(DATA IN THIS EXERCISE):
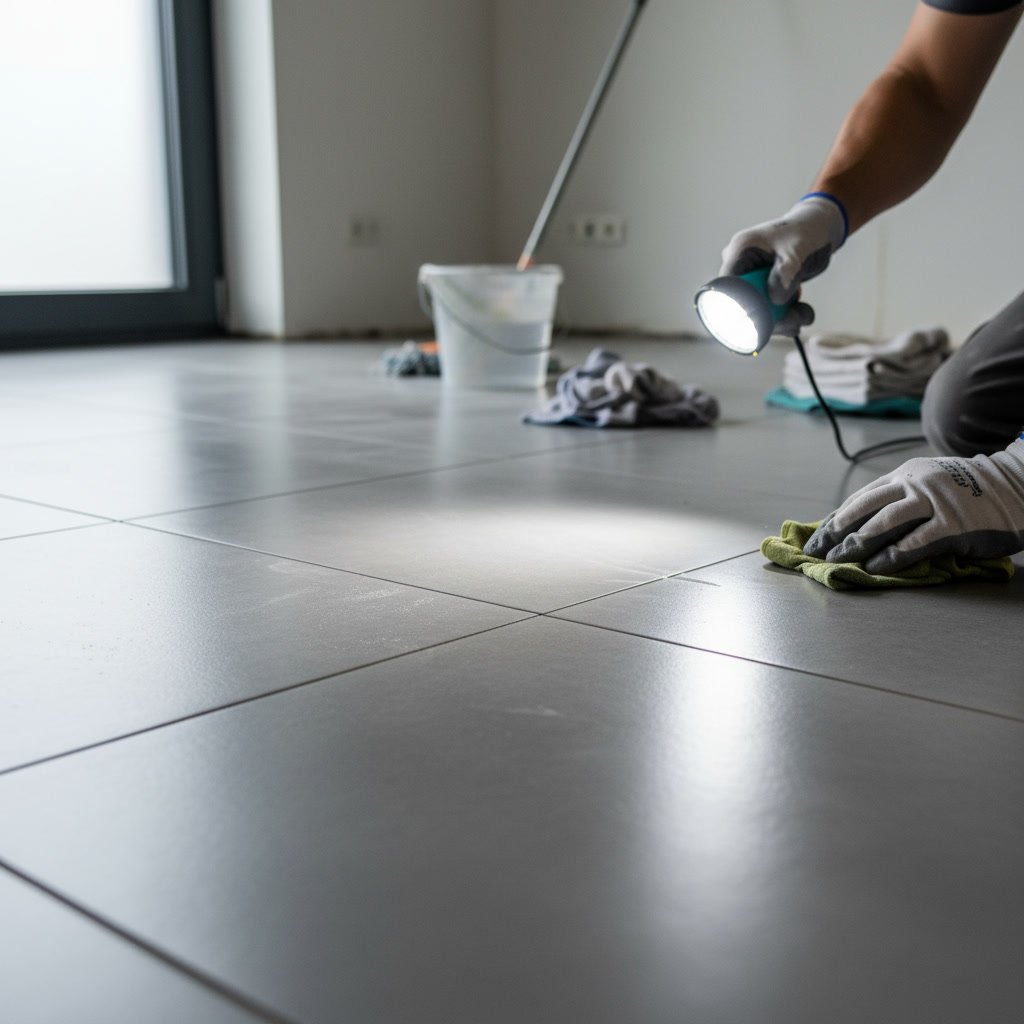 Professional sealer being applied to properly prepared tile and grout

---

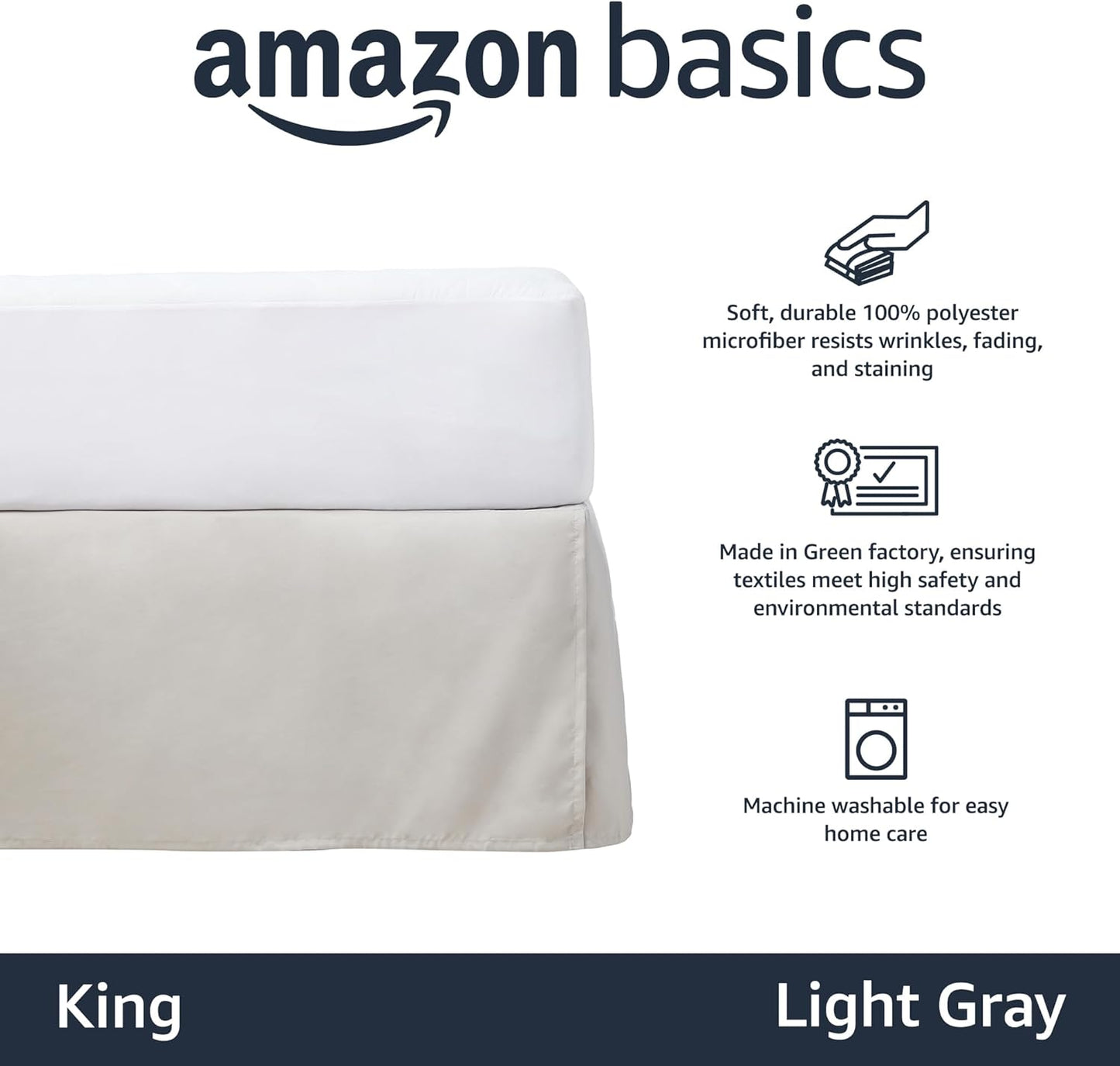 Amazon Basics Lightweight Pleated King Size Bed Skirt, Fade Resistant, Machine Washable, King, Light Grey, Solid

--

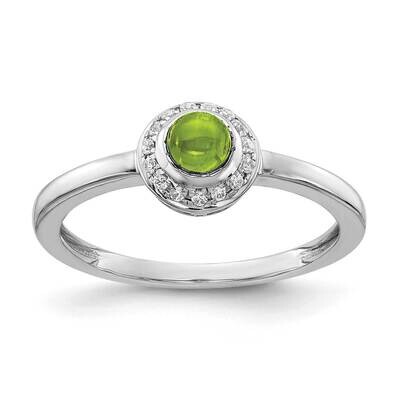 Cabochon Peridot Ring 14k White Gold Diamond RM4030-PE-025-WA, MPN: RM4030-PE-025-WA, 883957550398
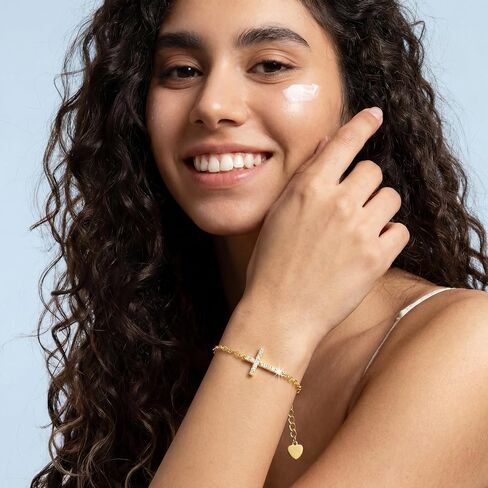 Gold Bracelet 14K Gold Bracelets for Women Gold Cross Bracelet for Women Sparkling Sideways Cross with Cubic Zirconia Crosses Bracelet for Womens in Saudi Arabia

(PROBLEM DESCRIPTION): Reproduce exactly the lines above that run from the one with "Cabochon Peridot Ring" to the one with "Gold Bracelet 14K", both included, leaving pictures out.

(REPLY):
 Cabochon Peridot Ring 14k White Gold Diamond RM4030-PE-025-WA, MPN: RM4030-PE-025-WA, 883957550398
 Gold Bracelet 14K Gold Bracelets for Women Gold Cross Bracelet for Women Sparkling Sideways Cross with Cubic Zirconia Crosses Bracelet for Womens in Saudi Arabia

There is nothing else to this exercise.